ダンマス(異端者)

AN@RCHY

文字の大きさ
1,217 / 2,518

第1217話 特効……物?

しおりを挟む
 食堂では、元気な兵士が食事をとっていたが、慌てて入って来た俺たちにびっくりして、食事の手が止まっていた。

 専属の料理人は、街の外で待機しているので、今ここで食べられている物は簡単に作れる物だけだ。

 メニューを見ると、ご飯とみそ汁、焼きサバ、サラダ、納豆……あぁ! これか!? 納豆菌?

 確か納豆菌って、かなり強い菌だって聞いた事があるけど、抗生物質や抗菌剤より効果を示すのか? みそ汁の麹菌って可能性もあるか?

 そんな事はどうだっていいか。納豆菌だけを……召喚できるな。街にどんな影響があるか知らんけど、今は効果がある事が実証できればいい!

 食堂から出て、痛みを訴えている兵士の近くで納豆菌を大量にばら撒く。

 しばらくすると、ばら撒いた空間の奴らの濃度が下がっていった。マップ先生を見て分かるレベルで一気に減っているのが分かった。

「まさか、納豆菌が最強の対抗策になるとは……みんな、下手でもいいから、今から渡す物を風魔法でこの空間を満たしてくれ。それで、ある程度はこいつらの活動を抑制できると思う」

 どういう形で納豆菌が奴らを撃退しているか知らないが、マップ先生を見る限りかなりの効果を上げているのが分かる。

 2時間ほどすると、痛みを訴えていた兵士が落ち着いてきたと報告が上がって来た。

 奴らは納豆菌をバラまく前の半分以下になっているが、まだまだ空間内に存在している。それなのに、兵士が落ち着いてきたというのはどういう事だろうか?

 元々、痛みを訴えていた兵士は痛みがほとんど収まってきたという事で、すでに普通に動いていた。一番驚いたのは、痛みがなくなって腹が減ったといい普通に飯を食っていたのだ。

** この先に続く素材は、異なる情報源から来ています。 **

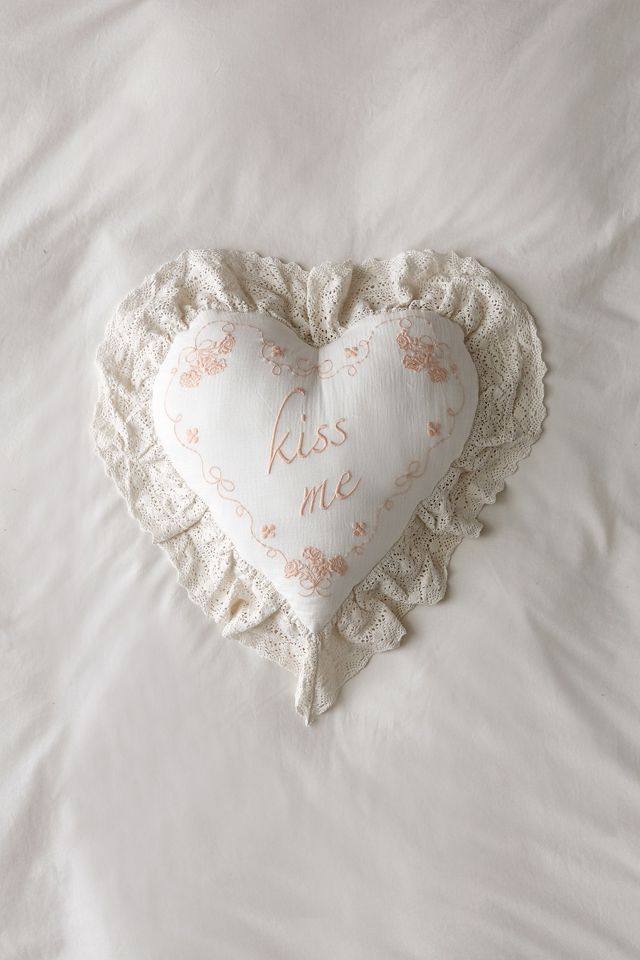 Kiss Me Heart Cushion #1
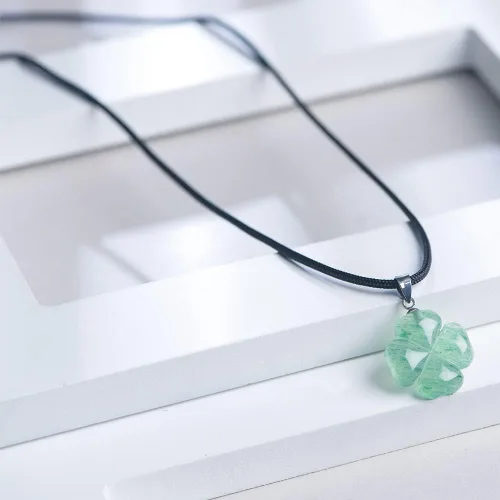 Vista 6 de Collar con colgante de trébol de cuatro hojas de la suerte, hechos de piedra natural pura de aventurina verde que simboliza el amor, la salud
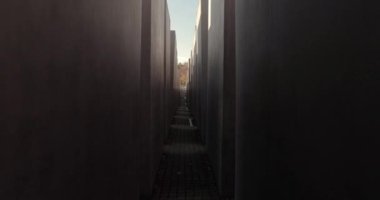 Berlin 'deki Yahudi Soykırımı anıtı, beton levhalar arasında hareket eden kamera.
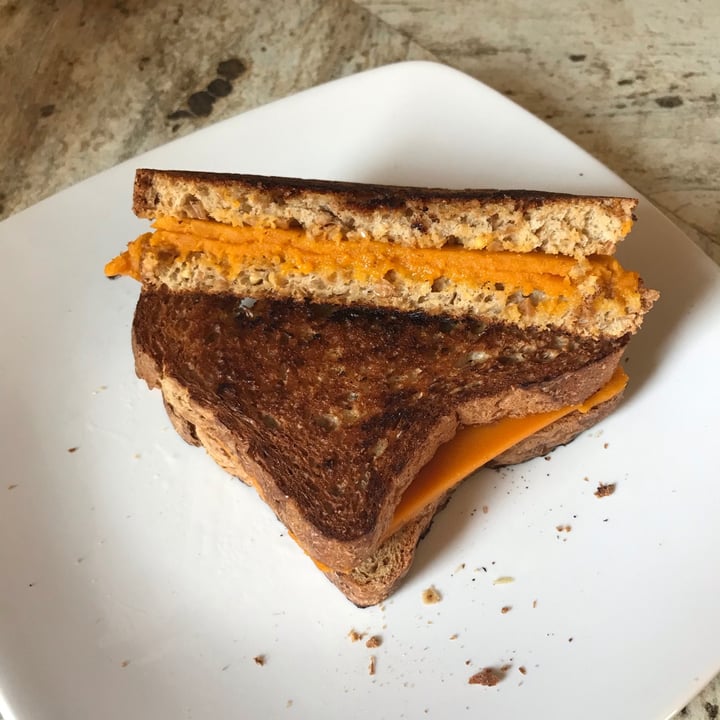photo of Miyoko's Creamery Cultured Vegan Farmhouse Cheddar Slices shared by @dianna on  05 Sep 2020 - review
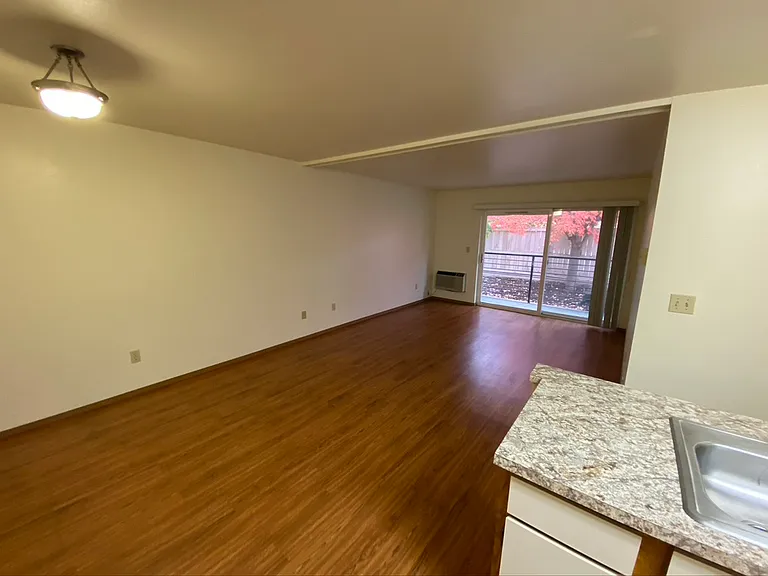 1100 N Alder St #15 — Photo 9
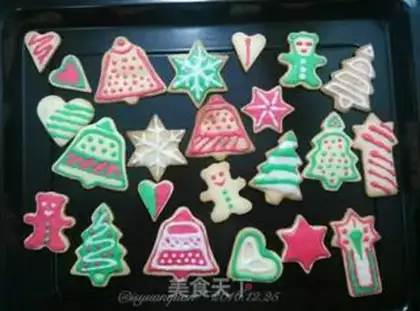 Make Christmas frosting cookies step 14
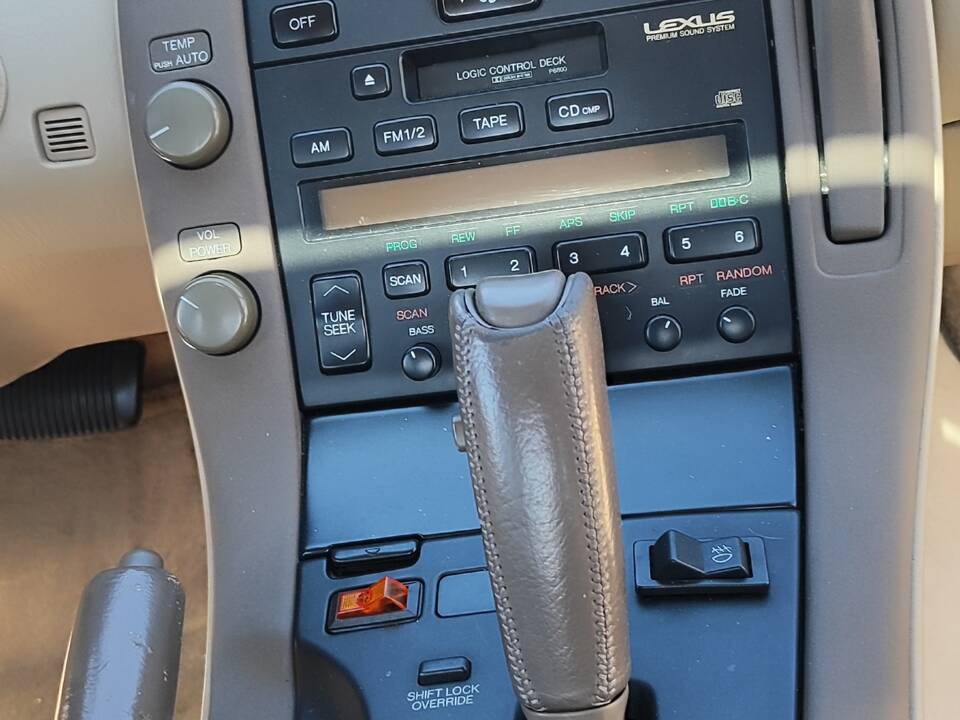 Image 15/36 of Lexus SC 400 (1991)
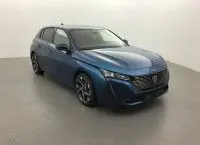 Peugeot 308 BlueHDi 130 en bleu Obsession, vue 3/4 avant droit, avec feux LED et jantes alliage sombres.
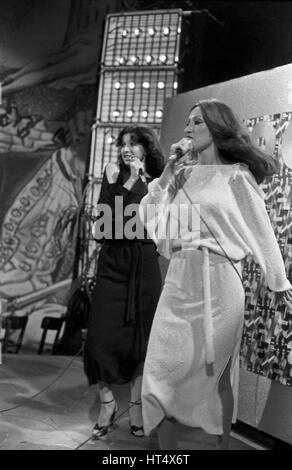 Das Spanische Gesangsduo "Baccara" Bei Einem Auftritt in Hamburg, Deutschland 1970er Jahre. Spanierin Duo "Baccara" erklingt in Hamburg, Deutschland der 1970er Jahre. Stockfoto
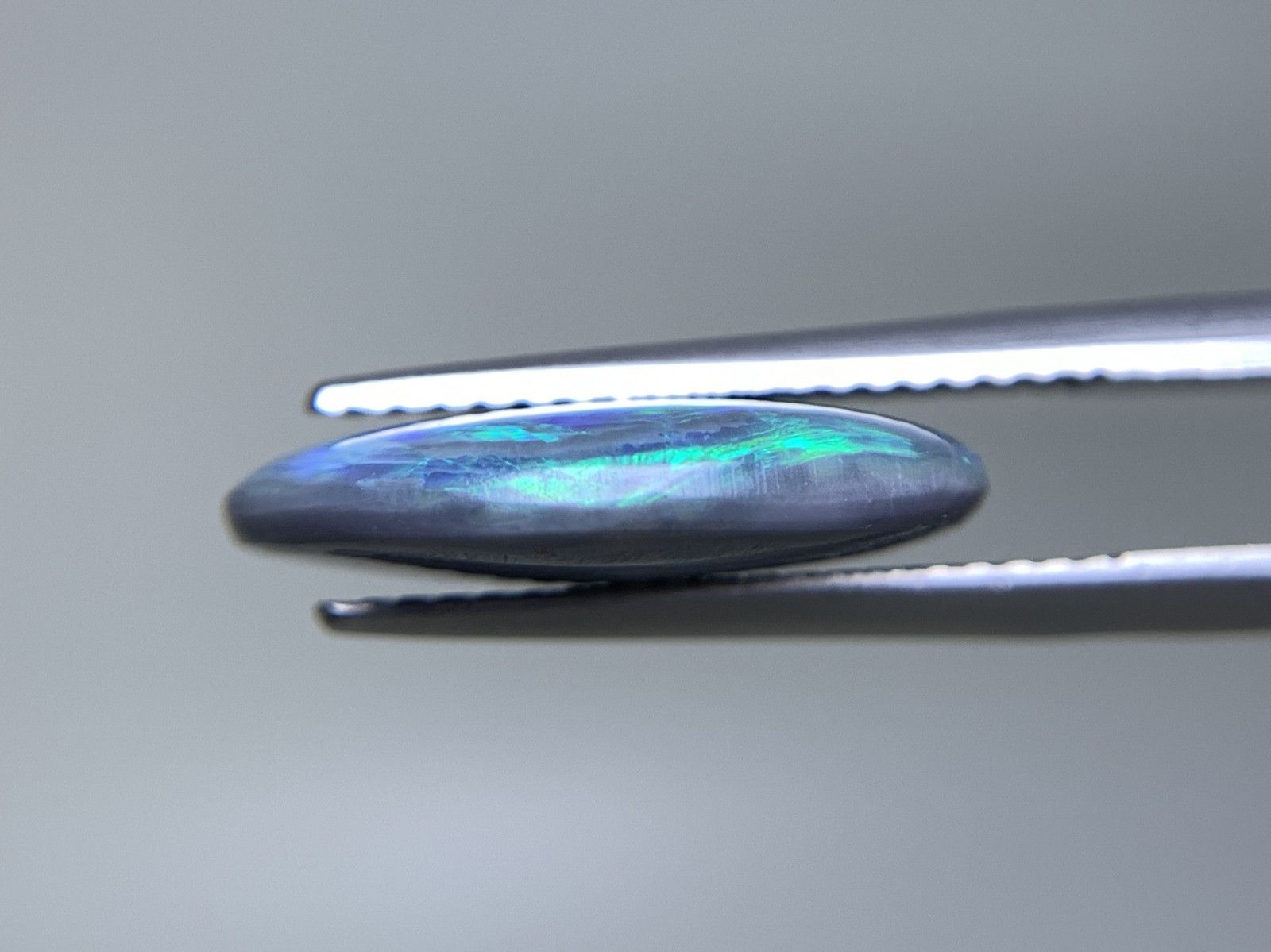 4.268ct 中央宝石ソーティング付き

 何とも現金な話である。でも、食欲が回復する程の元気があるなら、ひとまず問題はないだろう。

 問題は、納豆菌だけで奴らを完全排除ができるかどうか……もしできないなら、我慢させてポーションを飲ませながら火で焼くしかないかもしれないな。

 喰い合うか分からないけど、納豆菌より強い菌はいくらでもあるけど、その菌もほとんどが体に害があるんだよな。俺は平気でも兵士には致命的の可能性だってあるよな。

 今は、理由は分からないけど納豆菌で抑制出来ているという事実だけでも十分か。こいつらが細菌だと仮定して、どういう状況で繁殖するか……体内に入るって事がないだけでも良しとするか。

 見えない物に対策するのって言うのはキツイな。

 そういえば……

「ダマ、体の調子はどうだ?」

『少し前にムズムズは無くなりました。ナットウキンですか? すごいですね』

「他の従魔は大丈夫だったのか? シエル、グレンは大丈夫か?」

『私は問題ありませんね。理由は分かりませんが、亀には効果がないのではないですか?』

『自分は、燃えれますので、こういう類の攻撃は効きませんね。毒も大概は無効化にできますからね』

 シエルに関しては、よくわからないが効かなかったらしい。グレンは火の霊獣だから、燃える事ができて焼き尽くせるという事だな、なんと便利な体だ!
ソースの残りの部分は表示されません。